The Phase III clinical development programme for satralizumab includes two studies: SAkuraSky, which studied satralizumab in combination with baseline immunosuppressant therapy, and SAkuraStar, which studied the efficacy and safety of satralizumab as a monotherapy.

Satralizumab has been designated as an orphan drug in the U.S. and Europe. In addition, it was granted Breakthrough Therapy Designation for the treatment of NMO and NMOSD by the U.S. Food and Drug Administration in December 2018.

About OCREVUS (ocrelizumab)
OCREVUS is the first and only therapy approved for both RMS (including clinically isolated syndrome, RRMS and active, or relapsing, SPMS) and PPMS, with dosing every six months. OCREVUS is a humanized monoclonal antibody designed to target CD20-positive B cells, a specific type of immune cell thought to be a key contributor to myelin (nerve cell insulation and support) and axonal (nerve cell) damage. This nerve cell damage can lead to disability in people with multiple sclerosis (MS). Based on preclinical studies, OCREVUS binds to CD20 cell surface proteins expressed on certain B cells, but not on stem cells or plasma cells, suggesting that important functions of the immune system may be preserved.

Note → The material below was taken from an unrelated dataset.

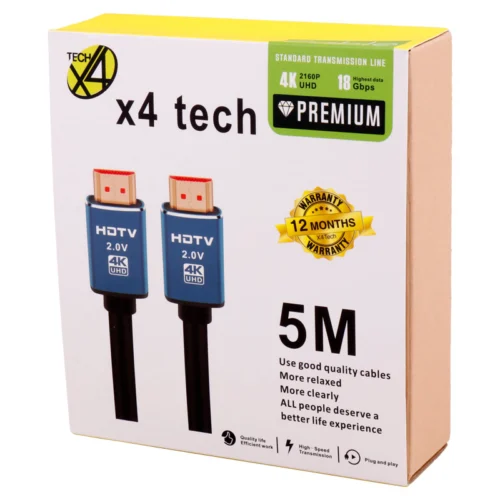 کابل HDMI v2.0 4k ایکس فورتک X4Tech طول 5 متر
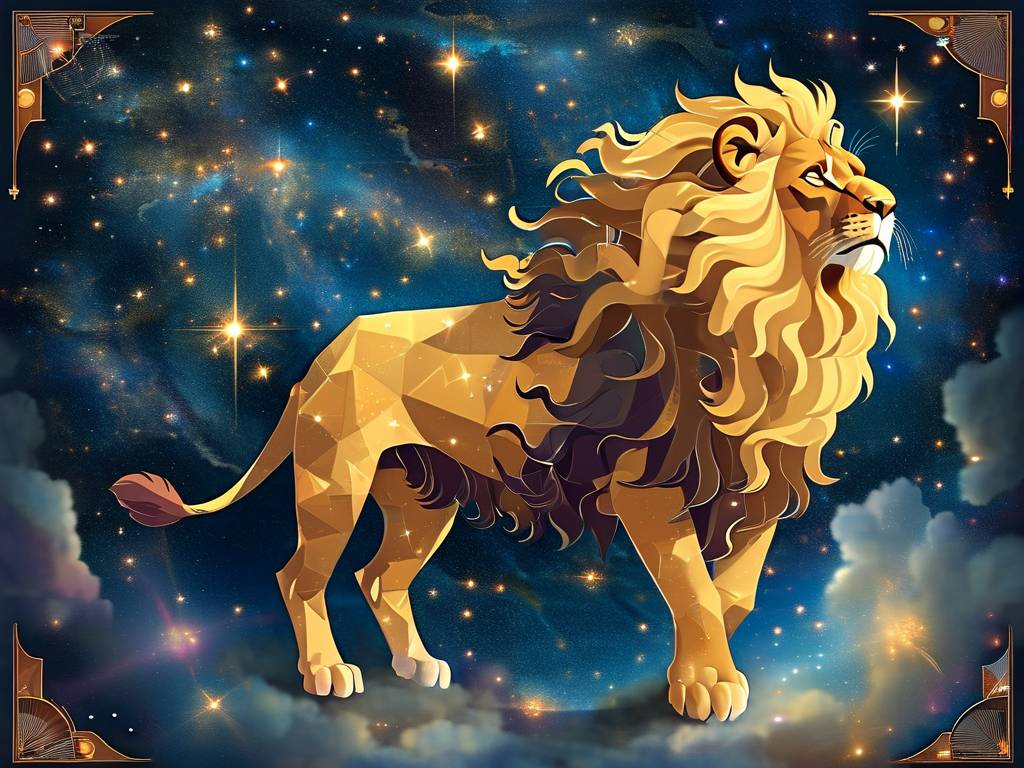 狮子座星宿图片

OCREVUS is administered by intravenous infusion every six months. The initial dose is given as two 300 mg infusions given two weeks apart. Subsequent doses are given as single 600 mg infusions.

About Roche in neuroscience
Neuroscience is a major focus of research and development at Roche. The company’s goal is to develop treatment options based on the biology of the nervous system to help improve the lives of people with chronic and potentially devastating diseases. Roche has more than a dozen investigational medicines in clinical development for diseases that include multiple sclerosis, spinal muscular atrophy, neuromyelitis optica spectrum disorder, Alzheimer’s disease, Huntington’s disease, Parkinson’s disease, Duchenne muscular dystrophy and autism.

About Roche
Roche is a global pioneer in pharmaceuticals and diagnostics focused on advancing science to improve people’s lives. The combined strengths of pharmaceuticals and diagnostics under one roof have made Roche the leader in personalised healthcare – a strategy that aims to fit the right treatment to each patient in the best way possible.

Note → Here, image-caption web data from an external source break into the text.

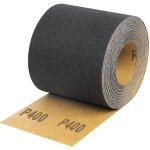 Rouleau de papier abrasif grain 400, 93 mm x 10 m papier de verre am�lior� en carbure de silicium, pon�age ...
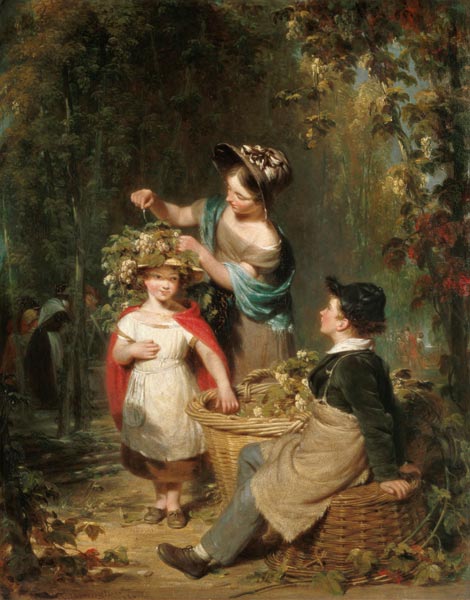 The Hop Garland od William Frederick Witherington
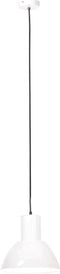 vidaXL Hanglamp rond 25 W E27 28.5 cm wit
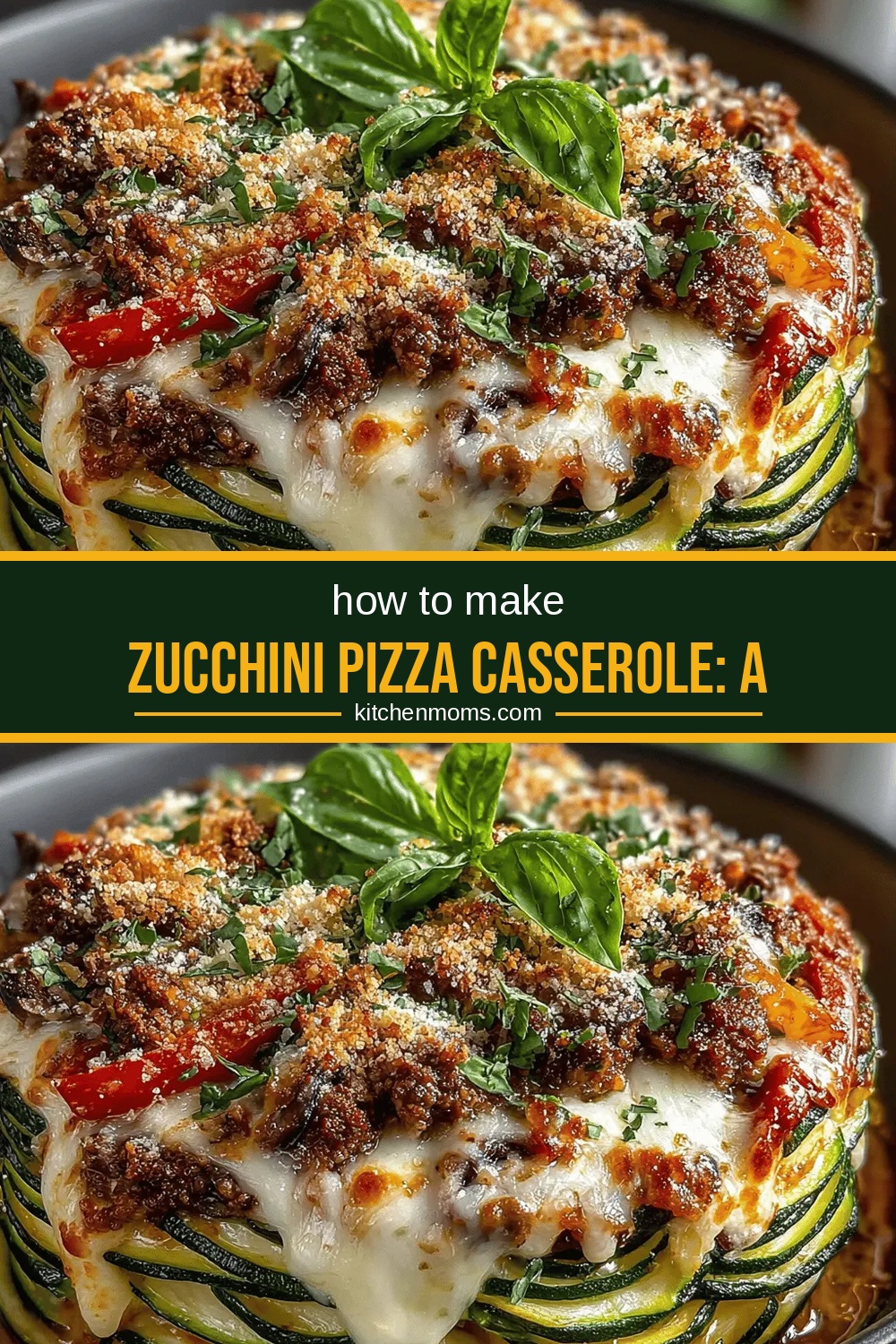 Zucchini Pizza Casserole: A Delicious and Nutritious Alternative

Roche is the world’s largest biotech company, with truly differentiated medicines in oncology, immunology, infectious diseases, ophthalmology and diseases of the central nervous system. Roche is also the world leader in in vitro diagnostics and tissue-based cancer diagnostics, and a frontrunner in diabetes management.
Founded in 1896, Roche continues to search for better ways to prevent, diagnose and treat diseases and make a sustainable contribution to society. The company also aims to improve patient access to medical innovations by working with all relevant stakeholders. More than thirty medicines developed by Roche are included in the World Health Organization Model Lists of Essential Medicines, among them life-saving antibiotics, antimalarials and cancer medicines. Moreover, for the tenth consecutive year, Roche has been recognised as the most sustainable company in the Pharmaceuticals Industry by the Dow Jones Sustainability Indices (DJSI).

The Roche Group, headquartered in Basel, Switzerland, is active in over 100 countries and in 2018 employed about 94,000 people worldwide. In 2018, Roche invested CHF 11 billion in R&D and posted sales of CHF 56.8 billion. Genentech, in the United States, is a wholly owned member of the Roche Group. Roche is the majority shareholder in Chugai Pharmaceutical, Japan. For more information, please visit www.roche.com.

All trademarks used or mentioned in this release are protected by law.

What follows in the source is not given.